In general, “n choose k” gives the cardinality, or size, of the set of “k-subsets” that can be chosen from a set with ‘n’ elements.

Try to solve this exercise: Each side in the game of chess has bishops, a King, knights, pawns, a Queen and rooks. Therefore there are 6 types of pieces. Let P={b, K, k, p, Q, r}. In how many ways can one select any two types from this set?

## Why Use the Word “Binomial?”

The word “**binomial**” relates to the two terms inside the brackets in the construction “(x + y)^n” for a non-negative integer ‘n.’

In the expansion of “(x + y)^n = (x + y)*(x + y)*…*(x + y),” there are terms such as “m*(x^j * y^(n-j))” for every “j from zero to n.” The integer ‘m’ in this expansion is the “**coefficient.**” Here is an example:

- (x + y)^2
- = (x + y)*(x + y)
- = x*x + x*y + y*x + y*y
- =
*1**x^2 +*2**x*y +*1**y*2″

The above coeficients are ‘*1*‘, ‘*2*‘ and ‘*1*‘.
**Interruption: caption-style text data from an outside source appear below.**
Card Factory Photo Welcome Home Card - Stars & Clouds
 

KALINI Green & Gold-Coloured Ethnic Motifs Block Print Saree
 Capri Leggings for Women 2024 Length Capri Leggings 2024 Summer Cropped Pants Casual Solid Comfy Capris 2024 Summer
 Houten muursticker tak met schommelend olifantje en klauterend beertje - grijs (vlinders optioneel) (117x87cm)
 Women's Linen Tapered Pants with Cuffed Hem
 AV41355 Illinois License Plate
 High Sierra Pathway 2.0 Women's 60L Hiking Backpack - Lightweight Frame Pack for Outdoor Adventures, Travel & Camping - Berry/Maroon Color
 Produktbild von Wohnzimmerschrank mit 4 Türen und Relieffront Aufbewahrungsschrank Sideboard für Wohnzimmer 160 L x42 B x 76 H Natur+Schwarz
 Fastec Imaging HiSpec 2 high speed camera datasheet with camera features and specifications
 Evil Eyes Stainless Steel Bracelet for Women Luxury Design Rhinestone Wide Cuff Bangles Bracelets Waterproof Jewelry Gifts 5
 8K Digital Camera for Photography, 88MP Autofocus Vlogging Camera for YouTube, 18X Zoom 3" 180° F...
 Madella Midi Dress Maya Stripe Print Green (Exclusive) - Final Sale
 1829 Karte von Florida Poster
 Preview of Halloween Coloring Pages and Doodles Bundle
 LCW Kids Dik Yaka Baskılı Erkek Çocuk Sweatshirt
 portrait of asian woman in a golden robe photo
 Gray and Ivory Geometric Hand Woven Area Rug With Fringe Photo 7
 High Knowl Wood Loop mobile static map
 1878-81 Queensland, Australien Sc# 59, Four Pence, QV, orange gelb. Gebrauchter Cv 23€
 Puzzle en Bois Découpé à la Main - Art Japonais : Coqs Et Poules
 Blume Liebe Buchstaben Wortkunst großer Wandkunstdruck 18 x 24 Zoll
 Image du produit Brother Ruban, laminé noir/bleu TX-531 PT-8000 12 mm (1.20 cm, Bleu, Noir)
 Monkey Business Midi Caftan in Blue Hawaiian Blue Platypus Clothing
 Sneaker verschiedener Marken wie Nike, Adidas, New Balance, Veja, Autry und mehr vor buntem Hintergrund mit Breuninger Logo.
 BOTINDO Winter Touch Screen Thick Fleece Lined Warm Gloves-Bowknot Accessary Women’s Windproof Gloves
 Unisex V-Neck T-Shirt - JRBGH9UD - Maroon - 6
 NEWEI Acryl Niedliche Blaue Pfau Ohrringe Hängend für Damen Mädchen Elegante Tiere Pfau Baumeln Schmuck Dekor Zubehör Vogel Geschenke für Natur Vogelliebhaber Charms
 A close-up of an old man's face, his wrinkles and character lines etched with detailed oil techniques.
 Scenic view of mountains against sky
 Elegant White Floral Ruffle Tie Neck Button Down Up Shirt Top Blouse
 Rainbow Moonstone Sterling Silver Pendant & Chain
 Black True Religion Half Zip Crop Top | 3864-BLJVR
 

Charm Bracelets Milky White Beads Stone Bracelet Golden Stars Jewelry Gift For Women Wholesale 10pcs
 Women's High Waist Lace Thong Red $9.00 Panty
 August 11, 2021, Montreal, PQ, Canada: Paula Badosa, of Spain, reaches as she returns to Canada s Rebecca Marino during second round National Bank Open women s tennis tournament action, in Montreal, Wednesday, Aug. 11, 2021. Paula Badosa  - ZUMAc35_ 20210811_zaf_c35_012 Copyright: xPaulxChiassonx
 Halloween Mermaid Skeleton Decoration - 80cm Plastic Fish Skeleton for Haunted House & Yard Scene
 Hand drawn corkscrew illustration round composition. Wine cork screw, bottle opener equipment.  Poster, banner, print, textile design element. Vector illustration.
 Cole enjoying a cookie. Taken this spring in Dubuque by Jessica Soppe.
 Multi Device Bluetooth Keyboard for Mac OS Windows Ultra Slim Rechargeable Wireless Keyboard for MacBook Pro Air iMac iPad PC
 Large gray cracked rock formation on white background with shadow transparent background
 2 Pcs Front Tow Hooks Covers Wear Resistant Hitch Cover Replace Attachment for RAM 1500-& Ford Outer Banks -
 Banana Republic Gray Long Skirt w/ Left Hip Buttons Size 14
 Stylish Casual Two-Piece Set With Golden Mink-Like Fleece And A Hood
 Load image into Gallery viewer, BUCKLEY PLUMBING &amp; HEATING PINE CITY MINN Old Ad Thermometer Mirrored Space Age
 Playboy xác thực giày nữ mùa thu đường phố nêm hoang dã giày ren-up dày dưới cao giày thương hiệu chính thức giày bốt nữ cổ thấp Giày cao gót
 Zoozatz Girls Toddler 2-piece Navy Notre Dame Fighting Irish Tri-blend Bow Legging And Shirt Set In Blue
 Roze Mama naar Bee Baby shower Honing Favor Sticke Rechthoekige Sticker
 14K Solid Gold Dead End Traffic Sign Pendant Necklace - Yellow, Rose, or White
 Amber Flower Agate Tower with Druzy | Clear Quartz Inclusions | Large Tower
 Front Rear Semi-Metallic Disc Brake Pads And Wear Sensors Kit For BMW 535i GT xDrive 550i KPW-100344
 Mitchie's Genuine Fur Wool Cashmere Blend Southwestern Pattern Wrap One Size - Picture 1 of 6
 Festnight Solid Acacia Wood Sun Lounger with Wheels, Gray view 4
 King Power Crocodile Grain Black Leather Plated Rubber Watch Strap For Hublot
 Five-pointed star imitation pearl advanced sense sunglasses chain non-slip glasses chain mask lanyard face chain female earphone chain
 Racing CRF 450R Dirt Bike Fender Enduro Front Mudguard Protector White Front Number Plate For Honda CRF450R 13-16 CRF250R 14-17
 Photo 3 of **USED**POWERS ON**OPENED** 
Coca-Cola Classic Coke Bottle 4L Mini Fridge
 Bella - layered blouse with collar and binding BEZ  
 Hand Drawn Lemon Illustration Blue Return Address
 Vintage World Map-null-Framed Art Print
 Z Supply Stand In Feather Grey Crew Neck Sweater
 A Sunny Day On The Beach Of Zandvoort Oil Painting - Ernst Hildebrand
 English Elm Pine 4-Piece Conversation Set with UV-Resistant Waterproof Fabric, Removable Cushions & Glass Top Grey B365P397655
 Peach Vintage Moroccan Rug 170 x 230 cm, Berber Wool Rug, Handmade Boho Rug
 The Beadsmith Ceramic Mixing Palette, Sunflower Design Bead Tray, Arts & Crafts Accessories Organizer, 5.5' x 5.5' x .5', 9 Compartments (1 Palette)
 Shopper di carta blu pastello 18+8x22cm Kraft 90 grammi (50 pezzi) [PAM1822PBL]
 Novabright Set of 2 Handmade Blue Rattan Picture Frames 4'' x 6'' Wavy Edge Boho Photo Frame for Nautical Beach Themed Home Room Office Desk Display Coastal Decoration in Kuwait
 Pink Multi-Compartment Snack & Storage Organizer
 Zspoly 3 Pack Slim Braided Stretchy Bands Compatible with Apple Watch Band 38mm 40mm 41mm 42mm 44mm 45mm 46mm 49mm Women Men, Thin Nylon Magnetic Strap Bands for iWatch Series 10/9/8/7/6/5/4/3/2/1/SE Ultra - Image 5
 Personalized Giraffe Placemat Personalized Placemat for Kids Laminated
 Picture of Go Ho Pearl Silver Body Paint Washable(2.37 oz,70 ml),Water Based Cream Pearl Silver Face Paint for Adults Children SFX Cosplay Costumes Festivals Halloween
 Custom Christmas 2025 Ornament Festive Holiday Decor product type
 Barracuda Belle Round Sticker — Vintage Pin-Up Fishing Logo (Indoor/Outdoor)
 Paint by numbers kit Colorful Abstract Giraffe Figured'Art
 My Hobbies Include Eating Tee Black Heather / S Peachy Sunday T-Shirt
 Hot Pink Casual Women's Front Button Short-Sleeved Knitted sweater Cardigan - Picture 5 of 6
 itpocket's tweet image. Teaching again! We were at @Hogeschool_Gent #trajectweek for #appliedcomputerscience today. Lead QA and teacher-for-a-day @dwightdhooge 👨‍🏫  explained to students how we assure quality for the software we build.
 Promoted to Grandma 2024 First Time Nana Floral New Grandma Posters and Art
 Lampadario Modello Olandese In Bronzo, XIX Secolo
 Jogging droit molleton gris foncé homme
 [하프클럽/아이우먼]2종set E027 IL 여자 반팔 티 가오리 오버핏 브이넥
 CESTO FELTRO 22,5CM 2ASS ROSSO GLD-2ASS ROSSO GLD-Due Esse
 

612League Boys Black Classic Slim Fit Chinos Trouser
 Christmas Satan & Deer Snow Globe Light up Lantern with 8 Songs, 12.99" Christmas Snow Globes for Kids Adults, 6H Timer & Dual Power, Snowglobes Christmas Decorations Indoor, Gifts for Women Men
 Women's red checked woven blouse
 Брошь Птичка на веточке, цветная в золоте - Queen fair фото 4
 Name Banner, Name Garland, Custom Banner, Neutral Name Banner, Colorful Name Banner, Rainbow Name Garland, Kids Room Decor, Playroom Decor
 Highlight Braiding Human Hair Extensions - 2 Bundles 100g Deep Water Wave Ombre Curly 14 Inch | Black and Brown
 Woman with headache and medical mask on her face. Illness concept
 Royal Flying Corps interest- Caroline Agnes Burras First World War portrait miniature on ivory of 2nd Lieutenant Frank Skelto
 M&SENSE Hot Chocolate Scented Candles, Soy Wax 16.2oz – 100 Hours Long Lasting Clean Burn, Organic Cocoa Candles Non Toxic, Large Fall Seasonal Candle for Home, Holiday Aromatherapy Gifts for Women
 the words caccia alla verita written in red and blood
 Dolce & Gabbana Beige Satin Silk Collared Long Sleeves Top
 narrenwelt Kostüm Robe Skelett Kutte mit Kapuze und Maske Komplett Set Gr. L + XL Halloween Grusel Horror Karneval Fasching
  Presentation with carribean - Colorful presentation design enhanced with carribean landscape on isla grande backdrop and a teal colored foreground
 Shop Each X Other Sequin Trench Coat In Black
The “Binomial Theorem” states that in any expansion of “(x + y)^n,” the coefficient for “x^j * y^(n-j)” is C(n, j).

## The Symmetry Rule of Binomial Coefficients

One unusual but obvious fact about the binomial coefficient is the symmetry rule. “C(n, k) = C(n, n-k).”

The simple algebraic proof uses the commutative property of multiplication.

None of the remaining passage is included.